Python. How to conveniently count the frequence of lists in a collection of lists

Question

I have a list of list.

e.g. list_a = [[1,2,3], [2,3], [4,3,2], [2,3]]

I want to count them like

[1,2,3]: 1
[2,3]: 2
[4,3,2]: 1

There is a library Counter in collections but not for unhashable elements like list. Currently, I just try to use other indirect ways for example transfer the list [1,2,3] into a string "1_2_3" to do that.

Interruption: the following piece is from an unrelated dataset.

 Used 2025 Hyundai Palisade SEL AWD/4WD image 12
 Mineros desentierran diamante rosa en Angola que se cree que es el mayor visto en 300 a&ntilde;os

Is there any other way can enable the count on the list directly?

Answer 1

Not the prettiest way to do it, but this works:

list_a = [[1,2,3], [2,3], [4,3,2], [2,3]]
counts = {} 

for x in list_a: 
    counts.setdefault(tuple(x), list()).append(1) 
for a, b in counts.items(): 
    counts[a] = sum(b) 

print(counts) 
{(2, 3): 2, (4, 3, 2): 1, (1, 2, 3): 1}

Answer 2

A possible approach to do this job is using a dict .

1. Create a empty dict
2. Iterate over the list using a for loop.
3. For each element (iteration), check if the dict contains it.
4. If it doesn't, save it in the dict as a key. The value will be the occurrence counter.
5. If it does, just increment its value.

Possible implementation:

occurrence_dict = {}

for list in list_a:
    if (occurrence_dict.get(str(list), False)):
        occurence_dict[str(list)] += 1
    else:
        ocorrence_dict[str(list)] = 1

print(occurence_dict)

Answer 3

You can achieve it easily, by using tuple instead of list

c = Counter(tuple(item) for item in list_a)
# or
c = Counter(map(tuple, list_a))

# Counter({(2, 3): 2, (1, 2, 3): 1, (4, 3, 2): 1})
# exactly what you expected
(1, 2, 3) 1
(2, 3) 2
(4, 3, 2) 1

Answer 4

Way 1

Through the indexes of repeatable lists

list_a = [[1,2,3], [2,3], [4,3,2], [2,3], [1,2,3]]  # just add some  data

# step 1
dd = {i:v for i, v in enumerate(list_a)}
print(dd)

Out[1]:
{0: [1, 2, 3], 1: [2, 3], 2: [4, 3, 2], 3: [2, 3], 4: [1, 2, 3]}

# step 2
tpl = [tuple(x for x,y in dd.items() if y == b) for a,b in dd.items()]
print(tpl)

Out[2]:
[(0, 4), (1, 3), (2,), (1, 3), (0, 4)]  # here is the tuple of indexes of matching lists

# step 3
result = {tuple(list_a[a[0]]):len(a) for a in set(tpl)}
print(result)

Out[3]:
{(4, 3, 2): 1, (2, 3): 2, (1, 2, 3): 2}

Way 2

Through converting nested lists to tuples

{i:[tuple(a) for a in list_a].count(i) for i in [tuple(a) for a in list_a]}

Out[1]:
{(1, 2, 3): 2, (2, 3): 2, (4, 3, 2): 1}

Answer 5

arr = [[1,2,3], [2,3], [4,3,2], [2,3], [4,3,2]]
counter = dict()
for a in arr:
    k = hash(tuple(a))
    if k in counter: counter[k][1] += 1
    else: counter[k] = [a, 1]
print(counter)